Trouble in Untertürkheim
Soweit zum Sportlichen. So ein Derby ist aber natürlich viel mehr als nur die Tatsache, dass die Badenser das Neckarstadion traditionell ohne Punkte wieder verlassen. Es geht auch um eine Rivalität der Fans, die ich aus geographisch-biographischen Gründen vielleicht nicht so lebe, wie es andere VfB-Fans tun, die mir aber trotzdem wichtig ist. Schon allein weil es diesen Verein gibt, dessen Fans größtenteils nicht nur einen erheblichen Minderwertigkeitskomplex gegenüber meinem Lieblingsverein haben, sondern ihn geradeheraus hassen.

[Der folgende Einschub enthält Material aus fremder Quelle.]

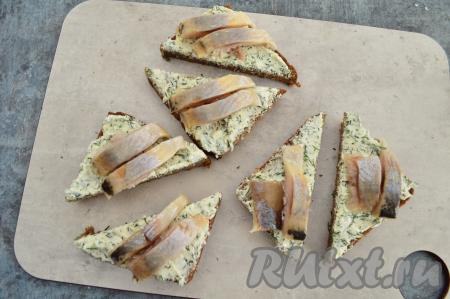 Филе сельди осмотреть, удалить косточки, если они есть. Нарезать филе селёдки на кусочки шириной 1-1,5 сантиметра. Выложить на каждый бутерброд по два кусочка селёдки.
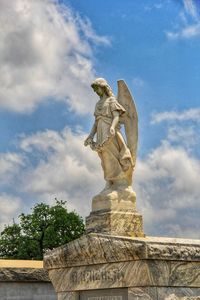 Low angle view of statue against cloudy sky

Das drückt sich dann meistens in lautem Mimimi in den sozialen Netzwerken aus und in unlustigen bis peinlichen Spruchbändern und Aktionen im Stadion.
Nichtsdestotrotz braucht es für ein Derby zwei Seiten und wahrscheinlich würden alle vor diesen Spielen ein wenig langsamer am Rad drehen, wenn sie nicht nur jedes zweite Schaltjahr stattfänden. Ob die Vorkommnisse, die sich dem Vernehmen nach zwischen dem Bahnhof Untertürkheim und dem Gästeblock abspielten, dadurch verhindert worden wären, ist nach dem, was ich bis jetzt mitbekommen habe, zweifelhaft. Dazu gleich vorab: Ich war nicht dabei, kann also nur die Quellen interpretieren, die mir online zur Verfügung stehen.

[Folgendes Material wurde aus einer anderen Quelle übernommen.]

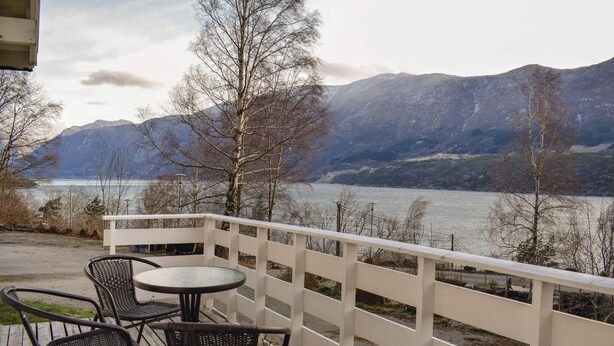 A deck with wicker chairs and a table overlooking a lake with mountains in the background. - Awesome Home in Vallavik With 3 Bedrooms and Wifi (Ulvik)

Aber eigentlich konnte es keinen mehr überraschen. Denn bereits in der vergangenen Saison erreichte quasi bei jedem Heimspiel die organisierte Fanszene des Gastvereins erst mit Verspätung den Gästeblock. Das mag, wie auch am Sonntag, teilweise die Schuld der Fans sein. Ich war bei keinem der Vorfälle dabei und die Wahrheit über solche Ereignisse liegt für gewöhnlich irgendwo zwischen der Pressemitteilung der Polizei und der Stellungnahme der Fanszene. Es fällt mir aber nach den Erfahrungen der letzten Saison und dem, was ich im Allgemeinen über Polizeitaktik bei Fußballspielen mitbekomme, schwer zu glauben, dass das Fehlverhalten nur bei den Gästefans lag. Natürlich geht so etwas, wenn es der Wahrheit enspricht, überhaupt nicht:
Auf dem Fanmarsch der KSC-Fans wurden Einsatzkräfte mit Absperrmaterial, Warnbaken und pyrotechnischen Gegenständen beworfen. #Polizei #Stuttgart #VfBKSC #Fußballeinsatz #derbyinfo19
— Polizei Stuttgart (@PP_Stuttgart) November 24, 2019
Auf der anderen Seite muss man sich auf Seiten der Behörden die Frage gefallen lassen, ob man das nicht allein dadurch hätte verhindern können, dass die organisierte Karlsruher Fanszene, wie scheinbar besprochen, mit Bussen direkt zum Gästeeingang gebracht worden wäre:
Laut Sicherheitheitsbesprechung war abgeklärt dass die Busse bis ans Stadion fahren. Die Polizei weiß hier nach 5 Minuten nicht mehr, was sie vorher gesagt hat. #derby #vfbksc #polizei #fanhilfe @bpol_bw @PP_Stuttgart
— Fanhilfe_Karlsruhe (@Fanhilfe_KA) November 24, 2019
Brüchige Allianz
Dabei hat man doch in Baden-Württemberg nicht zuletzt seit den Vorfällen beim letzten Derby 2017 diese Stadionallianzen, auf die Innenminister Strobl so stolz ist. Deren Ziel ist laut DFL-Homepage
die Intensivierung und Weiterentwicklung der Zusammenarbeit von Clubs, Fanprojekten, städtischen Behörden und polizeilichen Sicherheitsbehörden bei der Organisation und Durchführung von Fußballspielen.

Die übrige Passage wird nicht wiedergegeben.